And not everything solar is rooftop — Germany is home to a number of solar parks, including the Leipzig-area’s Waldpolenz, which is planned to produce 40 megawatts once it is completed in 2009. In contrast, the United States’ largest solar plant (and third in the world), at Nevada’s Nellis Air Force Base, produces 14 megawatts.
Now in its eighth year, the Feed-in Tariff law has proven to be the most effective way to encourage the healthy growth of the photovoltaics industry. It encourages innovation as the best equipment brings the consumer greater monetary compensation. It costs the government nothing. Ratepayers support the program. Because the bill for the tariff is spread over the entire national ratepayer base, the cost per person is miniscule — less than buying a loaf of bread per month.
Guaranteeing the tariff for a set amount of time brings stability and predictability to the market — essential for business to thrive. As a result of the program, a German company this year became the largest producer of photovotaics in the world, while many foreign solar cell companies have either moved operations to or opened factories in Germany.
It’s not all sunny in Germany’s solar industry, of course. The trade group BSW-Solar fears changes in German law could decrease the solar subsidy and is also concerned about the increasing cost of raw materials, such as silicon.

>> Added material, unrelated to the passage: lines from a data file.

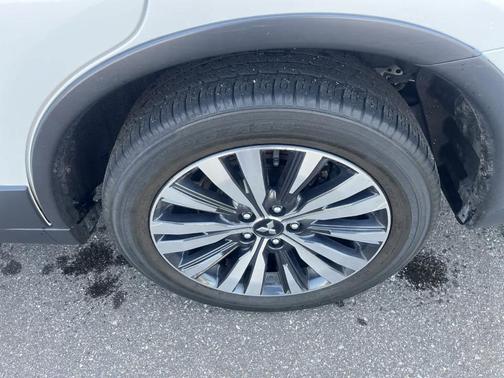 2020 Mitsubishi Outlander ES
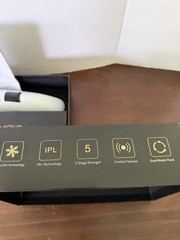 Luna’Mour ICE COOL IPL Hair Removal Device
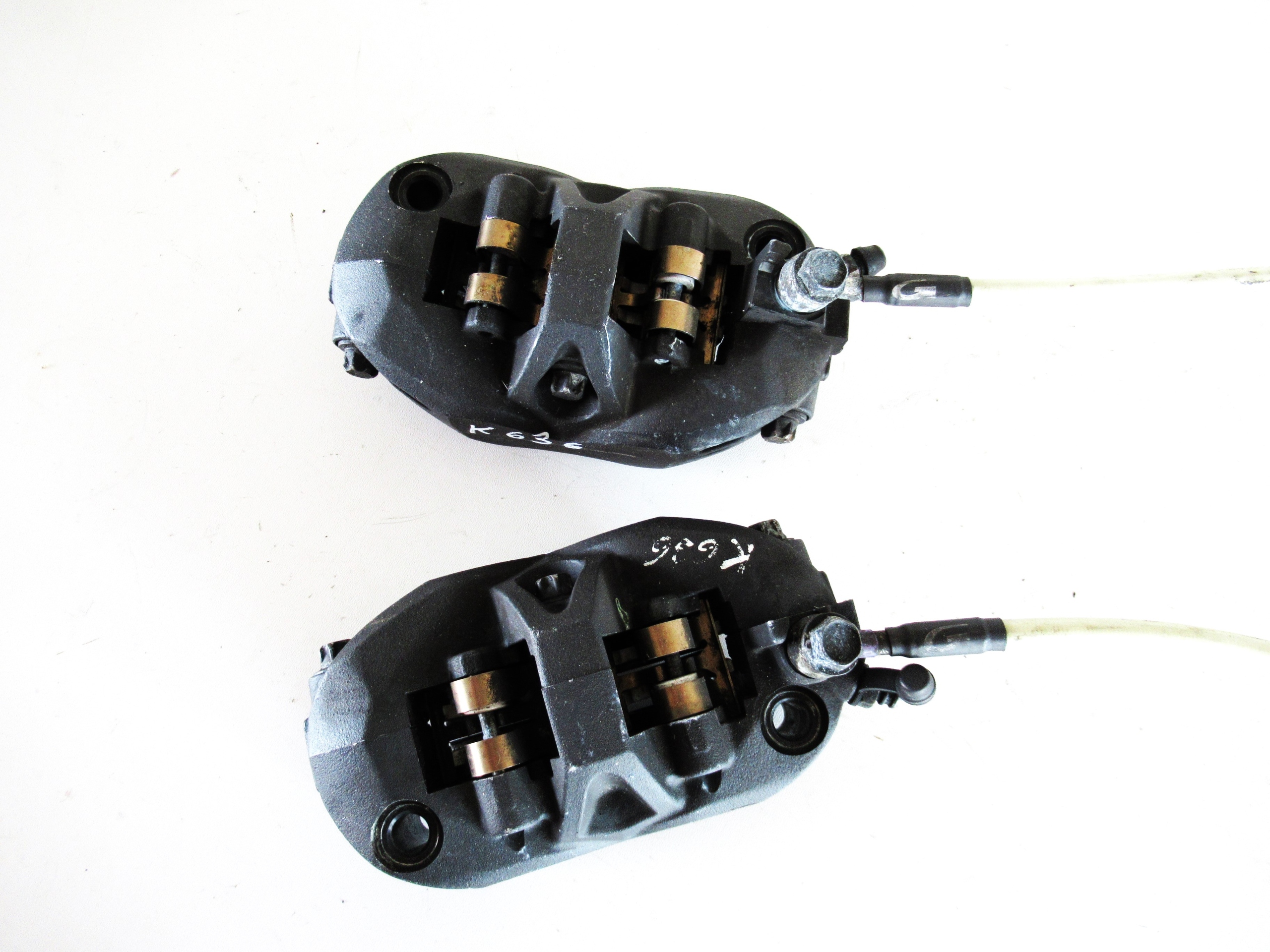 12341010324 - Kawasaki 636 передній гальмівний супорт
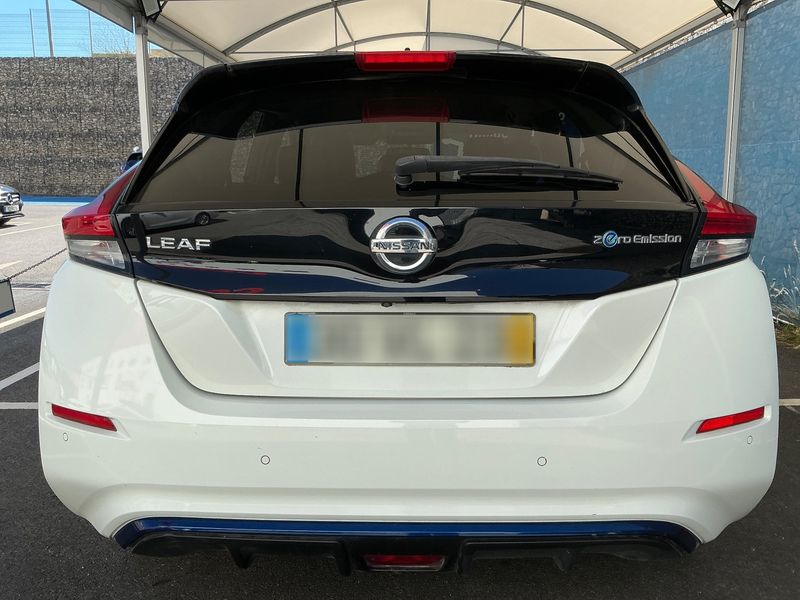 Nissan Leaf electric drive 110 kW Tekna — zdjęcie 5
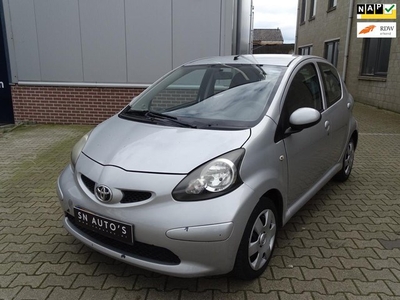 Toyota Aygo 1.0-12V +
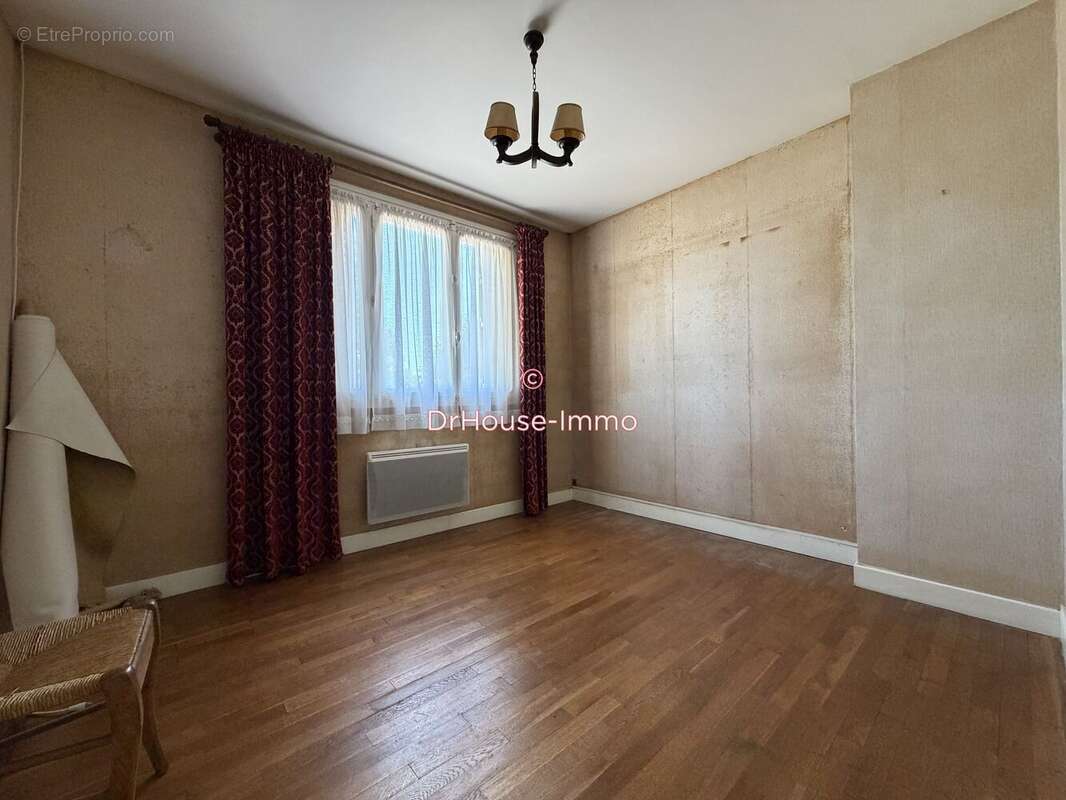 Maison 95 m² à Clion  - photo 8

Other countries, including France, Greece, Italy, South Korea and Spain, have emulated the German program. In the United States, Rep. Jay Inslee, D-Wash., plans to introduce a bill mandating a national Feed-in Tariff based on the German model.
Germany’s Feed-in Tariff deserves much of the credit for prodding the world to increase solar cell production by more than 40 percent over each of the last three years.
Growing capacity of the industry suggests that production could exceed 20 gigawatts by 2010 — a billion times the amount of photovoltaics installed throughout the world 35 years ago. Economies of scale and continued innovation by companies to stay competitive should in the next four to seven years make the price of electricity generated by photovoltaics equal the cost of utility-generated power.